In Short Story Summer Camp we’ve been talking about the levels at which a conversation operates. You can start with the literal level, at which information is conveyed or exchanged. Almost every verbal exchange operates at this level: you have to talk about something.

But most conversations operate at other levels as well. When you talk to people, you’re trying to do things, not just exchange information. You’re trying to change reality or to create new realities. “I’d like fries with that” is a straightforward attempt to make french fries appear at your table. Persuasion, threats, and begging are three other methods of using words to change external realities.

At another level, we use conversation to change internal realities, for ourselves and for others. We reassure, belittle, console, blame, embolden, intimidate, manipulate, placate… Each of these verbal maneuvers alters emotional states, changes relational dynamics, and/or rearranges status and the balance of power.

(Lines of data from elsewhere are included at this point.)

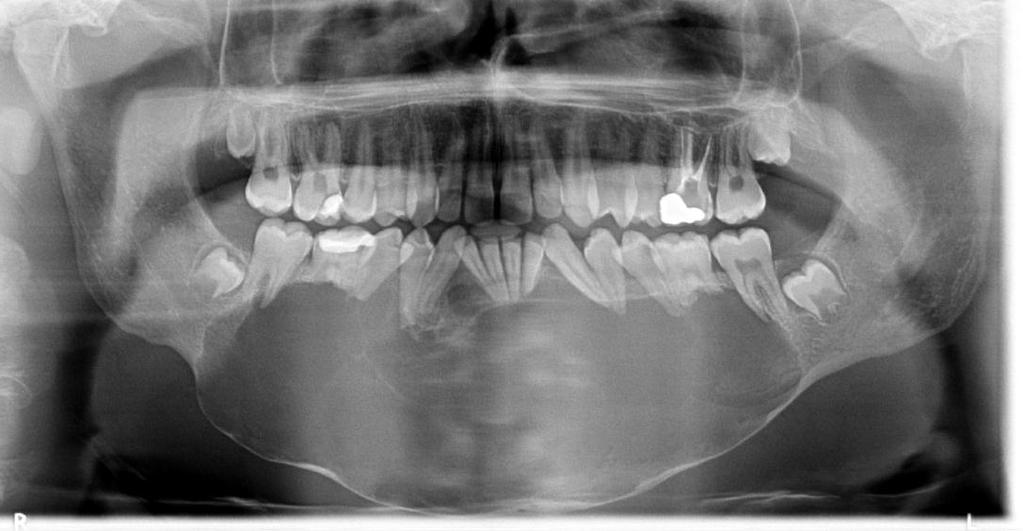 25 Figura 3 - Na região mentoniana e corpo mandibular (D/E), presença de lesão osteolítica, insuflativa, causando afilamento da cortical óssea adjacente compatível com ameloblastoma (observar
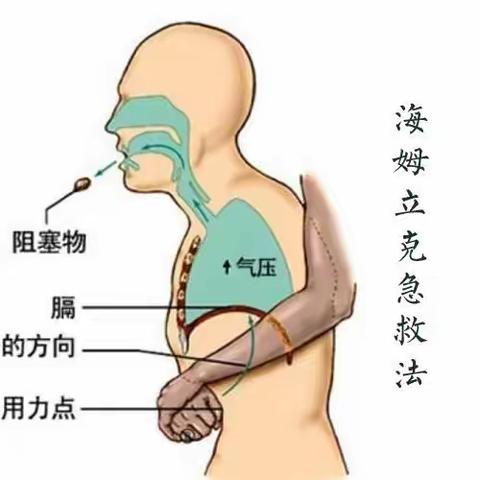 【红烛先锋】安全教育——乌达区第三幼儿园“海姆立克急救法”安全教育活动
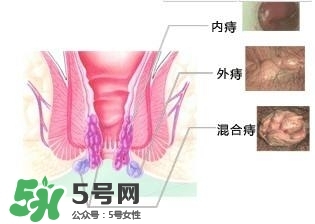 痔瘡吃什么藥效果好？痔瘡吃什么藥好得快？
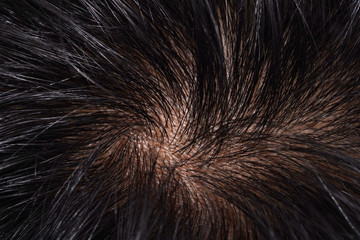 Close-up on Asian Woman Black Hair and Scalp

Sometimes we’re straightforward about what we’re trying to do at this emotional/relational level: “Cheer up!” “You’re such a loser.” “Here’s how you hurt my feelings…” Very often, however, our attempts to change internal and external realities operate at the level of subtext, while we are purportedly talking about something else. “The dishwasher didn’t get unloaded this morning” is a statement of fact. It might also be a gentle reminder to the person whose job is to unload the dishwasher. It might be an accusation, or an attempt to induce guilt. But here is the rub: even if the speaker thinks his subtext is “gentle reminder,” the listener might hear the subtext “guilt inducement.” The plain, literal meaning of the utterance is easy to agree on, but it has very little bearing on the conversation. The conversation is now about the subtext, which the interlocutors don’t agree on.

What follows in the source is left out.